Prachha Jewels, based in Surat — India’s diamond manufacturing hub — offers IGI and SGL certified lab-grown diamond necklaces and pendants with transparent pricing across both 14K and 18K gold. Their custom jewellery design service is also worth considering if you have a specific design in mind that you have not found off the shelf.
A Quick Reference: Grades Worth Targeting in 2026
To summarise the decision framework in practical terms:
- Certification: IGI for global recognition and resale; SGL for domestic use and often better pricing. Both are legitimate.
- Cut: Excellent or Very Good. Do not compromise here — it is the biggest driver of visible beauty.
- Colour: G–H for a bright, near-colourless look at a sensible price. D–F if budget allows; I–J only in yellow gold settings.
- Clarity: VS2 for eye-clean quality at a fair price.

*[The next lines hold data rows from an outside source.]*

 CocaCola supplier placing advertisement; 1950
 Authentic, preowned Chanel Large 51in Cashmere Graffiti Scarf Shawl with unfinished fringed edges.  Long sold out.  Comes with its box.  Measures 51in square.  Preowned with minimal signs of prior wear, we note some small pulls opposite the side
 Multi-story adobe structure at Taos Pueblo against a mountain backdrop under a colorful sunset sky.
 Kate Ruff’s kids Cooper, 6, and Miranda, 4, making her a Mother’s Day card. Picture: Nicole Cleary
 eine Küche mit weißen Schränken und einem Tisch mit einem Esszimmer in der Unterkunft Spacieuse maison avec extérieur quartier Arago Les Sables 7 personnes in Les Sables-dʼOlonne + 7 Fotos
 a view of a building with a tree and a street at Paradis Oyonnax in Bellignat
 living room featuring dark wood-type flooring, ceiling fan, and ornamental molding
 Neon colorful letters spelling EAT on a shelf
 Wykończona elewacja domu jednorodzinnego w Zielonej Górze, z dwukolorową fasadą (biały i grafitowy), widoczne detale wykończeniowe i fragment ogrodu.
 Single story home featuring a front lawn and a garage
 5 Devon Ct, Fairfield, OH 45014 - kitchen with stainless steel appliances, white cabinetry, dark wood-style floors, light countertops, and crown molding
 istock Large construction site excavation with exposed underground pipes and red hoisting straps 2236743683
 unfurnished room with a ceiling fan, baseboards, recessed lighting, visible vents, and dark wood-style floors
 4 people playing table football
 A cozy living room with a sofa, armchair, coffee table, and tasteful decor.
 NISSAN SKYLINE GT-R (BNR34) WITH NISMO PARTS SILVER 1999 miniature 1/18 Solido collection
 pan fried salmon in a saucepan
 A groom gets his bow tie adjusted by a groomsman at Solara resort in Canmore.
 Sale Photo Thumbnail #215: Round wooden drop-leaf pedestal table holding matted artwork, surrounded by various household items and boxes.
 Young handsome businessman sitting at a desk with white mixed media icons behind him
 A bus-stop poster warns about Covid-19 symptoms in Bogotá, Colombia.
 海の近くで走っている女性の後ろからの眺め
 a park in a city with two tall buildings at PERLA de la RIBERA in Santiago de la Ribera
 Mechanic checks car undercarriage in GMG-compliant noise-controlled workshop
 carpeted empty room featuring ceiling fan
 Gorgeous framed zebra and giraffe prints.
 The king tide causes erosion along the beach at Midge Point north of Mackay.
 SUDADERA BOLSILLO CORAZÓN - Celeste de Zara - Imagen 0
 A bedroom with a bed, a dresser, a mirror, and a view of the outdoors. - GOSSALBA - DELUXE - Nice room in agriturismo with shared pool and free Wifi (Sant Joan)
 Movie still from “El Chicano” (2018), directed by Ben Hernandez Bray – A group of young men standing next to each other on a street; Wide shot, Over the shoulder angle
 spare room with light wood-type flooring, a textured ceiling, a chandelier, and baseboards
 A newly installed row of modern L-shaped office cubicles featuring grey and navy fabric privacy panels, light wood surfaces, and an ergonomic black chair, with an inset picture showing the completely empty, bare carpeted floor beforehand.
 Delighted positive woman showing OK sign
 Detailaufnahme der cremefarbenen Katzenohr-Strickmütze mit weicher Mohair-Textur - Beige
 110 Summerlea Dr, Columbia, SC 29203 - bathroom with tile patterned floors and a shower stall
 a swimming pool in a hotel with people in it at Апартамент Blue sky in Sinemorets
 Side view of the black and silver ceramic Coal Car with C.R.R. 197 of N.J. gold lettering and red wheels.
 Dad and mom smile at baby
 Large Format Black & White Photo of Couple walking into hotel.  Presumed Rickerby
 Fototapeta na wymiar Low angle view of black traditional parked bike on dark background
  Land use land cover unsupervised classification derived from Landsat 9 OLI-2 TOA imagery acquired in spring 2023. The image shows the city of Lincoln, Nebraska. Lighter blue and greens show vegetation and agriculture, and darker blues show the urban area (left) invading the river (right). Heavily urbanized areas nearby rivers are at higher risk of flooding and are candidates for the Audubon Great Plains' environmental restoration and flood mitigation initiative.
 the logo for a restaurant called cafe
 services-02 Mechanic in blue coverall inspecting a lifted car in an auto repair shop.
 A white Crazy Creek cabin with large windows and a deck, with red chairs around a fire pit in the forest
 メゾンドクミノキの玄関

SI1 works in multi-stone or halo designs.
- Carat: 0.50–1.00ct is the practical range for a pendant or solitaire necklace in the ₹30,000–₹1,00,000 budget.
- Metal: 14K for everyday durability and affordability; 18K for occasion wear or if gold purity matters to you.
- BIS hallmark: Non-negotiable on the gold setting.
- Making charges: Ask for a line-item breakdown. 8–18% of gold value is the typical range.
The Indian lab-grown diamond market is growing fast, and with that growth comes both genuine quality and a fair share of sellers cutting corners on grades or skipping certification altogether. The buyers who get the best value are the ones who know exactly what the certificate says — and why each number on it matters.